By our count, the top six publicly traded pay TV services in the U.S. gave back a whopping 939,000 video subscribers. By factoring in the 75,000 subscribers top virtual MVPDs Sling TV and DirecTV Now added during the quarter, traditional pay TV subscriber losses top 1 million.

Media analyst firm MoffettNathanson placed the overall pay TV subscriber losses even higher, at about 1.1 million. The firm said its estimates don’t include vMVPDs nor do they factor in some privately held cable operators, like Cable One and WideOpenWest. Still, it said the numbers are “quite reliable.”

“It is the largest quarterly loss ever (the first time ever that the industry lost over 1M subscribers in a quarter), and is nearly 30% larger than the loss a year ago,” MoffettNathanson wrote.
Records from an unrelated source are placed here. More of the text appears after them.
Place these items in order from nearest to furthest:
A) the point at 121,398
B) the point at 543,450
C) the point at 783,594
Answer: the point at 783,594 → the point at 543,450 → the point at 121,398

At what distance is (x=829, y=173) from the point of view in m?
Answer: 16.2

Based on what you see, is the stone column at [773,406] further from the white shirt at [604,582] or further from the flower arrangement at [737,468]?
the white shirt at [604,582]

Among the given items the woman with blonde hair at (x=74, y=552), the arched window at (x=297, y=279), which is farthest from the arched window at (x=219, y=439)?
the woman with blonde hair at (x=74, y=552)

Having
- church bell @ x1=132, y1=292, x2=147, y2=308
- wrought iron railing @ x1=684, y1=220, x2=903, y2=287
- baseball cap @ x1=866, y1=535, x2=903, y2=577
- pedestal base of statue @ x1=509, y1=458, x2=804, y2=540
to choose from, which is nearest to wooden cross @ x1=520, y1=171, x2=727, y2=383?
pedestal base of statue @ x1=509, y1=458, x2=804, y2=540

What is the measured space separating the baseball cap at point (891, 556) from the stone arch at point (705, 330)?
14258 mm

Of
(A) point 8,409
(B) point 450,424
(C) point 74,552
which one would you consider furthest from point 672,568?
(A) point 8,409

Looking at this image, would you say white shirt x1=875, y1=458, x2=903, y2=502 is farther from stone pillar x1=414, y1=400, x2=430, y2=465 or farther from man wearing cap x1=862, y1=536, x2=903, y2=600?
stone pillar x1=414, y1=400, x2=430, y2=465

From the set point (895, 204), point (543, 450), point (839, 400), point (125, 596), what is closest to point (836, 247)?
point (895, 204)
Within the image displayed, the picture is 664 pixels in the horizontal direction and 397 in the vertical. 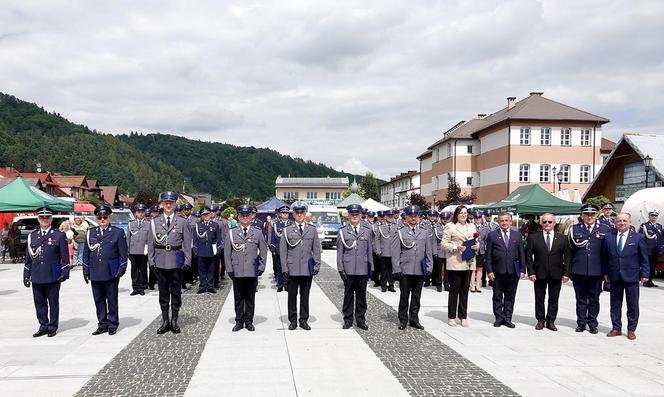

MoffettNathanson chart Q3 2018
MoffettNathanson chart Q3 2018 2

MoffettNathanson said the story for pay TV gets worse when considering factors outside of subscriber performance like the rate of new household formation in the U.S. The firm said the past 12 months suggest growth at around 250,000 new households per quarter. Coupled with pay TV penetration figures of around 80%, the firm said the expectation should be that pay TV is adding about 200,000 subscribers per quarter.

“To the extent that we are not seeing these new households in subscriber data, we can conclude that cord cutting has accelerated more than it appears based on reported subscribership data along,” the firm wrote.

Any way you slice it, it was a very bad quarter for pay TV.

Market share holds steady

DBS providers Dish Network and DirecTV combined to post the biggest subscriber losses during the quarter. Combined, the two companies gave back 726,000 traditional video subscribers, a large majority of the total industry losses during the quarter.

In the meantime, Charter and Comcast both scaled back their losses from one year ago, when they lost 104,000 and 134,000 subscribers, respectively. According to Evercore, other cable operators lost 143,000 subscribers versus losing 145,000 subs in the third quarter of 2017. Likewise, Evercore said telco overall subscriber losses of 75,000 subscribers were an improvement over 173,000 losses one year ago.

Despite the discrepancy, pay TV subscriber market share has held steady over the past three years.